» **INSTRUCTIONS TO FOLLOW**
For this exercise, please transcribe exactly and only the lines from the one containing "Crashed minibus is" through the end of the material, both ends included, without pictures.
[DATASET CONTENT — start]
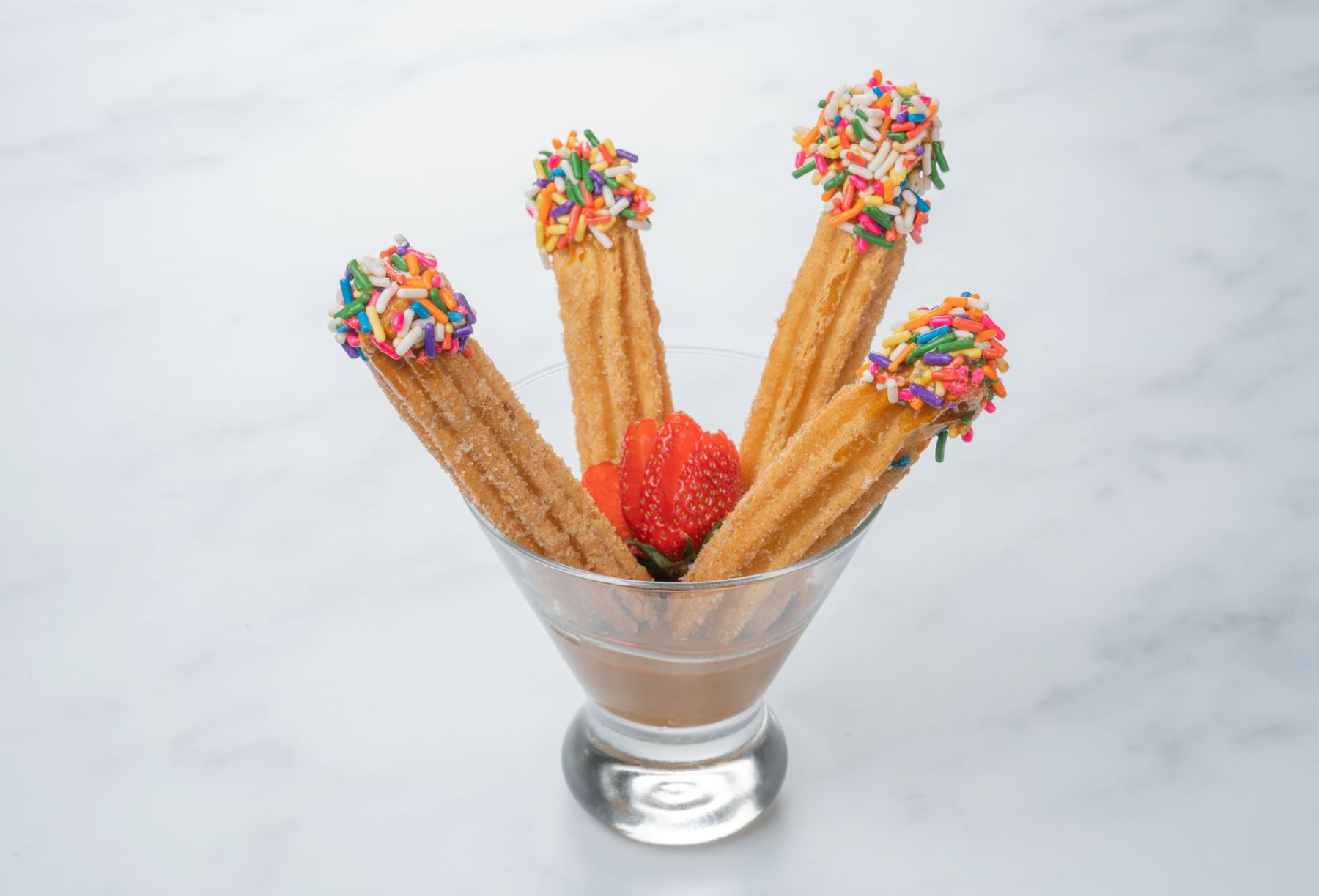 Churros com doce de leite e granulado colorido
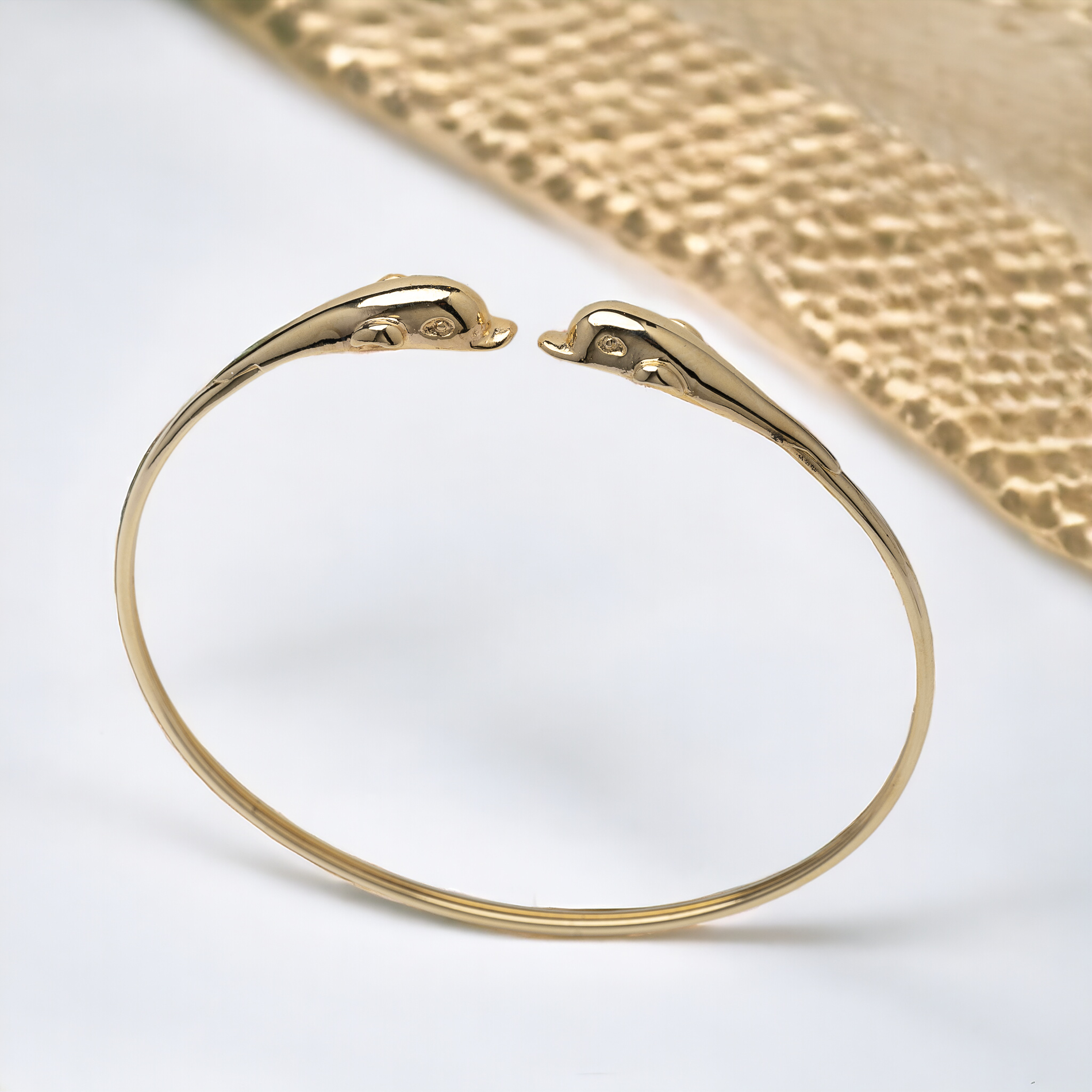 A 14k solid gold bangle bracelet for women, featuring a double dolphin head design.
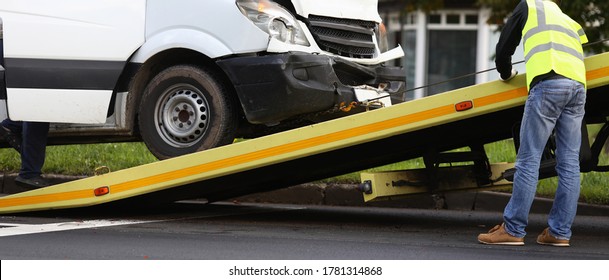 Crashed minibus is loaded onto tow truck after an accident. Evacuation and towing services concept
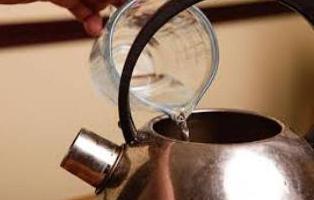 clean the enamel kettle from scale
[DATASET CONTENT — finish]
» **ANSWER BELOW**
 Crashed minibus is loaded onto tow truck after an accident. Evacuation and towing services concept
 clean the enamel kettle from scale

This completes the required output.